Automation is the key to unlocking great and lasting advantages in companies in all sectors.
Big data has been nothing short of a strategic automation approach.
On the one hand, we are in an annoying time of information richness, from equipment performance to consumer social media behavior (more than half of all citizens in the world are on social media). But without specific automation (the use of machines and algorithms to manage, process, and analyze available data), your business will lose a great deal of potential potential.
When done well, automation turns big data into “dead” in a living breathing resource that you can use to promote value. So it’s no surprise that many businesses aim to automate anything that can be automated, a Google chief executive recently said.
To help you think about automation in your business context, I present to you three main ways in which this technology-driven activity can help you create value.
It’s the first thing that helps you do automation feature extraction, or extract a critical needle from a large pile of data. Imagine that your organization needs to review patent applications for information about a specific and related technology. You might study thousands or tens of thousands of applications, each with 30 pages or more, for millions and millions of words. But only a small proportion of the relationship between these words and patents matters, for example, dependent on patented technology or the qualifications of inventors and patents of the past.
This task, therefore, like many in the business domain, involves a very low signal-to-noise ratio, and would require thousands of people-hours to complete manually, something that saves too much cost and time. But a machine-based algorithm could be trained to find the key information needed fairly quickly, saving a lot of time and effort. Also, say that in the future you want to search for the same or related set of patents but different information, such as the size of the patent applicant group. You can easily reprogram or reshape the algorithm to take on this task, resulting in economies of scale and higher returns on initial investment.
Second, automation helps data verification and clearing. Data sets often need work. There are errors and missing values, anomalies and sometimes evidence of bias. For example, if an algorithm is trained to detect the characteristics of offenders, but uses only the data of the offenders caught, the algorithm will be sidelined because it lacks data about the offenders who were not caught. to be underestimated. Again, checking and targeting such a large volume of potential problems is too much to take manually. But automation allows for rapid deployment of testing and cleaning tools, while again saving time while creating value.
Third, and this is great, is automation the engine of analytics. Yesterday’s simple regression analysis has become today’s clustered and randomized forest, driven by machine learning, whether to understand product users, optimize inventory for next month’s sales forecast, or predict the impact of a new advertising campaign. Machine-based automation not only repeats standardized low-cost analysis processes on a regular basis, but can also detect nonlinear models that we humans cannot.

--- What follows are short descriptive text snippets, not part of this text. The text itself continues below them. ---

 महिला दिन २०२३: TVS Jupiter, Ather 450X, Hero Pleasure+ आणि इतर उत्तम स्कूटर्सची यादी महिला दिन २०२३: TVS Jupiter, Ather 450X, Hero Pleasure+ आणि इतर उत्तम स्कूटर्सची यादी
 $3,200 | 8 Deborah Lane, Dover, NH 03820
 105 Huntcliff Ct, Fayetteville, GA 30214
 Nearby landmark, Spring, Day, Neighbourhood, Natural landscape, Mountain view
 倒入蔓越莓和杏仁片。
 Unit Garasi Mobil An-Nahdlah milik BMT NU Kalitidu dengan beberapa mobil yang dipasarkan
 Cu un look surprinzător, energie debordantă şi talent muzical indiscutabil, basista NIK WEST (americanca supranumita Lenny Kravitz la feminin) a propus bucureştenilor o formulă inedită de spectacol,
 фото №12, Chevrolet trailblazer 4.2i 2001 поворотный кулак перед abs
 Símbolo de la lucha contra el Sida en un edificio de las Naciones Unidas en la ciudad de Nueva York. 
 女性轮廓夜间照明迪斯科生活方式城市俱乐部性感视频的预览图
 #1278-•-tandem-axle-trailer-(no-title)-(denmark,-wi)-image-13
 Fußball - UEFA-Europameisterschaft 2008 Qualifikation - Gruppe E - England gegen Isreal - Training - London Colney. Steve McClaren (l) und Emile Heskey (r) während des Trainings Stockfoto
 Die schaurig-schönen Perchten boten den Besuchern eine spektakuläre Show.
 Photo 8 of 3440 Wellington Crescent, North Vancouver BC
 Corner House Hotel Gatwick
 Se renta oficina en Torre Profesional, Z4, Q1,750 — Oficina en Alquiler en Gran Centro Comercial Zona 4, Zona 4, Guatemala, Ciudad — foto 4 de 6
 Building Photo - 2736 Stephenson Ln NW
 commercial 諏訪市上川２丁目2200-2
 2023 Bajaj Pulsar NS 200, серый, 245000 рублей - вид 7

For example, my lab analyzed more than 5 million patents using algorithm-driven analysis to see if we could predict the debut of future innovative technologies based on their patent application information. We hypothesized that the machine would identify future success patents from application data if the invention had autonomous and “miracle-like” capabilities or ideas. After all, the algorithm accurately found future successful patents, but not as we humans had imagined. That is, the algorithm did not identify any future success patents based on its autonomous capabilities; on the contrary, they were successful in identifying whether they were part of an a that identified patents cluster among affiliated patents, which can be solved by combining specific problems that an individual patent could not solve on its own.
For example, ultrasound technology has had a profound effect on health for the first time since its first introduction, enabling the treatment of physical conditions such as kidney stones and some cancers and non-invasive imaging. But this advancement would be impossible without a smaller-scale invention beyond basic technology: applicators, static reduction processes, specialized medical cushions and wrenches, developed independently of ultrasonic technology but important for successful application in medicine. Our automated analysis reliably recognized the existence of these related patent sets in more than 5 million patents from healthcare products to the latest golf ball technology, and that these clusters were related to the probability of patents becoming the dominant technology of the future. not previously estimated inference.
My colleague from the Northwest, Andrew Papachristos, used similar analyzes to suggest that Chicago police corruption does not come from a few “bad apples” officers, but from a connected police network that acts in bad faith; his work allows us to detect these issues earlier.
I hope you’ve made it clear that the benefits of automation are mutually reinforcing, and how it can help you turn data into great, sustainable value. In fact, the more data you have, the more automation you need; when you have strong automation capabilities, you can collect and leverage even more data, and the cycle continues.
Conclusion: Automation is an increasingly critical capability, and can be critical to your business’s short- and long-term performance. But it’s important to understand how it promotes value and take steps to alleviate its real disadvantages, for the benefit of your company and the broad community in which you operate.
In the second part of this article, I will discuss the three main disadvantages of automation — scalability, transparency, and cost — and how to address them.